One December 2024 document revealed that Meta’s platforms displayed an estimated 15 billion “higher risk” scam advertisements every day. These are ads flagged internally as likely fraudulent. Another document from the same period estimated that such ads alone brought in about $7 billion in annualized revenue.

Despite detecting suspicious behavior among advertisers, Meta’s automated systems only ban those deemed at least 95% certain to be committing fraud. If the probability falls below that threshold, the company instead imposes higher ad rates — effectively charging suspected scammers more while allowing them to continue advertising. The internal justification for this approach, according to the documents, was to “dissuade” bad actors while minimizing losses from overzealous enforcement.

Meta’s ad-personalization algorithm, which tailors content to user behavior, exacerbates the problem. Users who click on a scam ad are shown more of them, as the algorithm assumes interest.

The internal documents, reviewed across Meta’s finance, lobbying, engineering, and safety divisions, reveal a company attempting to measure and contain abuse while hesitating to implement changes that might harm its multibillion-dollar ad business.

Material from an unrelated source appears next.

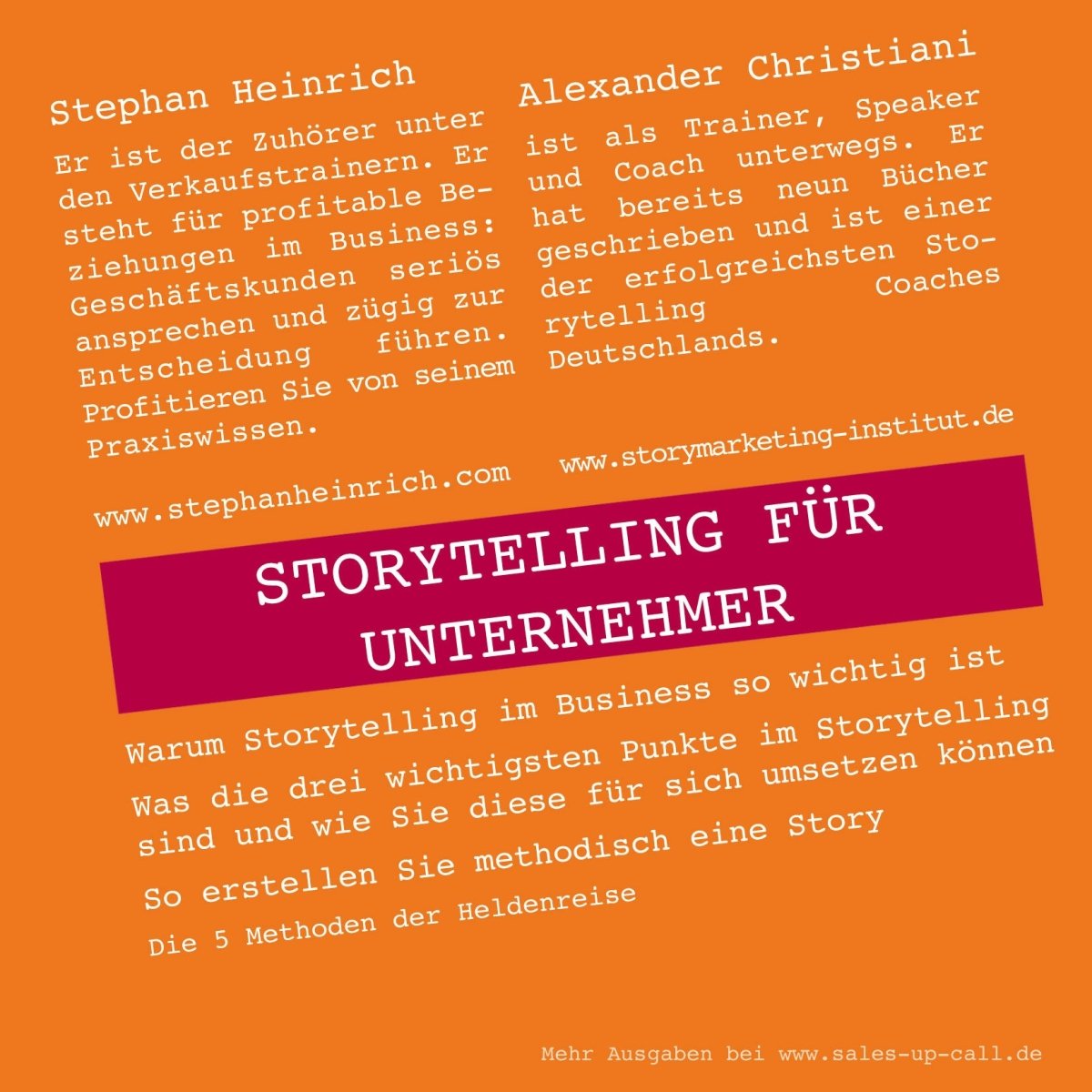 Storytelling für Unternehmer - Sales-up-Call - Stephan Heinrich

Sandeep Abraham, a former Meta safety investigator and fraud examiner, said the revelations highlight the vacuum of oversight in digital advertising.

“If regulators wouldn’t tolerate banks profiting from fraud, they shouldn’t tolerate it in tech,” he said.

Meta spokesperson Andy Stone disputed the interpretation of the leaked files, arguing they offered “a selective view that distorts Meta’s approach to fraud and scams.” He said the internal projection that 10.1% of 2024 revenue came from prohibited ads was “rough and overly-inclusive,” and that later analysis found “many of these ads weren’t violating at all.”

“The assessment was done to validate our planned integrity investments — including in combatting frauds and scams — which we did,” Stone said. “We aggressively fight fraud and scams because people on our platforms don’t want this content, legitimate advertisers don’t want it, and we don’t want it either.”

Stone added that Meta reduced user reports of scam ads globally by 58% over the past 18 months and removed more than 134 million pieces of scam-related content so far in 2025.

However, internal presentations paint a more conflicted picture. A May 2025 safety division report estimated that Meta’s platforms were involved in roughly one-third of all successful scams in the United States. Another internal review concluded, “It is easier to advertise scams on Meta platforms than Google,” though it did not specify why.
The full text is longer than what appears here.